• What needs to be done:
The answer must consist solely of the lines below starting at the one containing "Dissertatio iuridica de" and ending at the one containing "SAM EDELMAN RUE", repeated exactly, with both ends included and all pictures omitted.

• Data for this exercise:
= = = = = = =

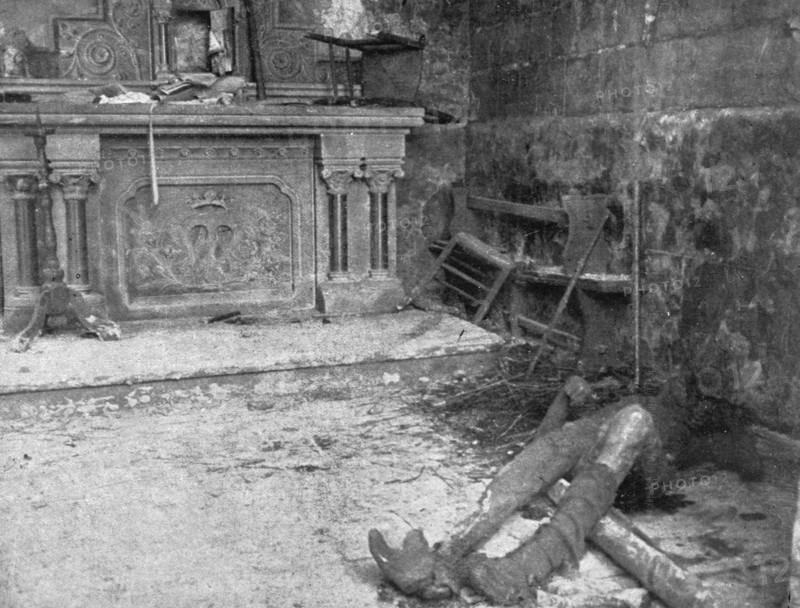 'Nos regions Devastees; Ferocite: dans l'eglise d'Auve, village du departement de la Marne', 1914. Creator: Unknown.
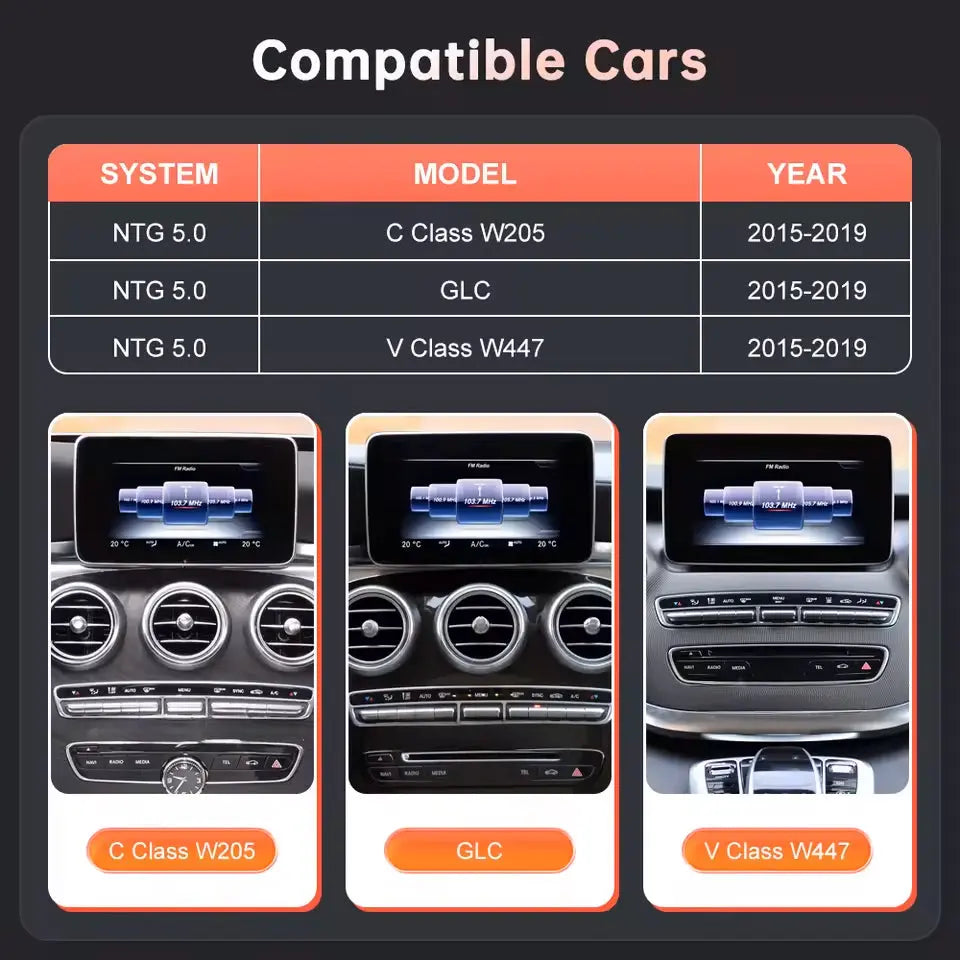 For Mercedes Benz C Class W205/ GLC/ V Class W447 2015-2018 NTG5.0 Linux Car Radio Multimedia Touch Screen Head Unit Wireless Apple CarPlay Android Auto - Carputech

= = = = = = =

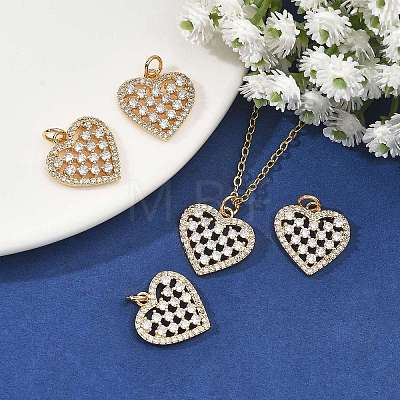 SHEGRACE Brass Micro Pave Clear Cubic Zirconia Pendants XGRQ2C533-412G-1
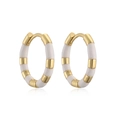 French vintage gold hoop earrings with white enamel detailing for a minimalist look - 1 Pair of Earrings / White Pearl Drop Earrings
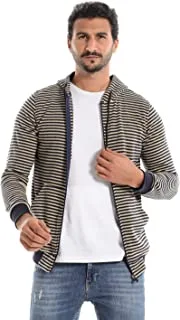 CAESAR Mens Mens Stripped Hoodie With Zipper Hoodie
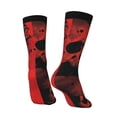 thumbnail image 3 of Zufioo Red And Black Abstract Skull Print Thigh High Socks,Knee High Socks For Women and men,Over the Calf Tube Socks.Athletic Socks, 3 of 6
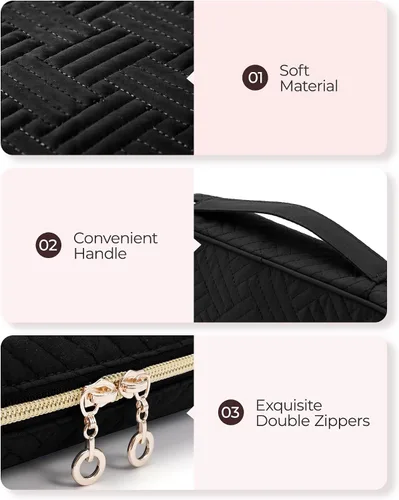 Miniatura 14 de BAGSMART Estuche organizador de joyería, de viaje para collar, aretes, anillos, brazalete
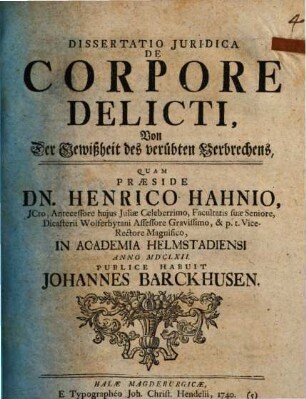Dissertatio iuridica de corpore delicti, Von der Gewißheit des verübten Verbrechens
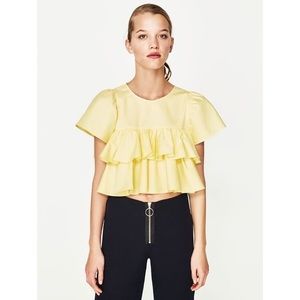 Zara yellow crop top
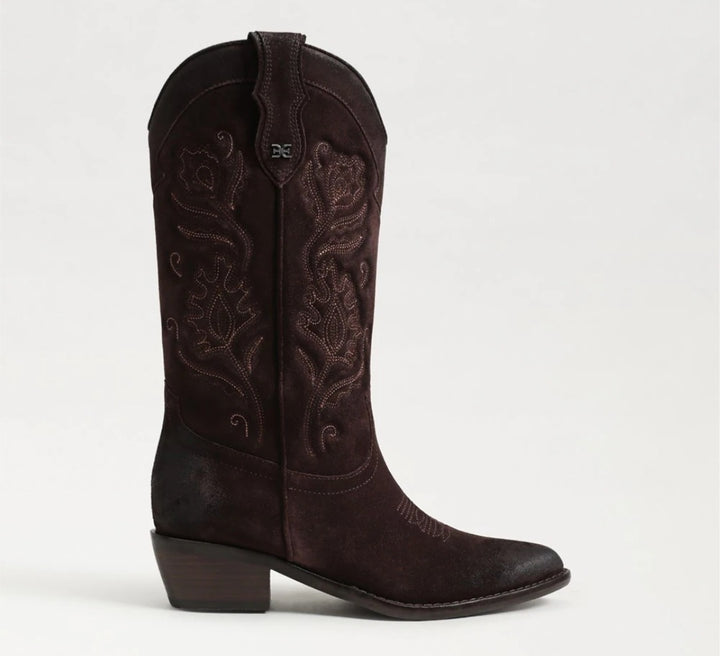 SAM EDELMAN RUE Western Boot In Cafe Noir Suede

= = = = = = =

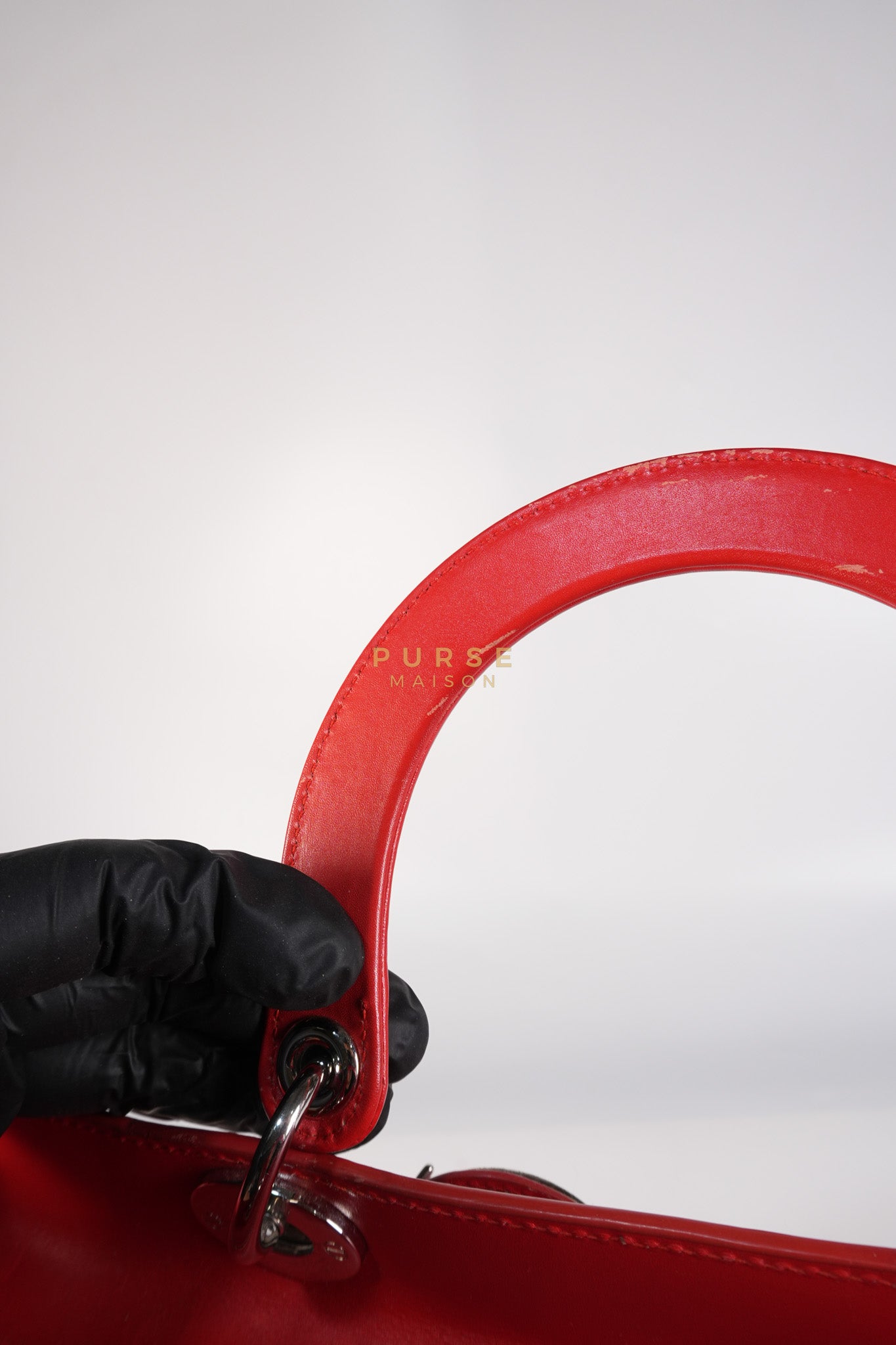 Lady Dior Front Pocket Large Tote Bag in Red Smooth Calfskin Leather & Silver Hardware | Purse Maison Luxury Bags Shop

= = = = = = =

• Final answer:
Dissertatio iuridica de corpore delicti, Von der Gewißheit des verübten Verbrechens
 Zara yellow crop top
 SAM EDELMAN RUE Western Boot In Cafe Noir Suede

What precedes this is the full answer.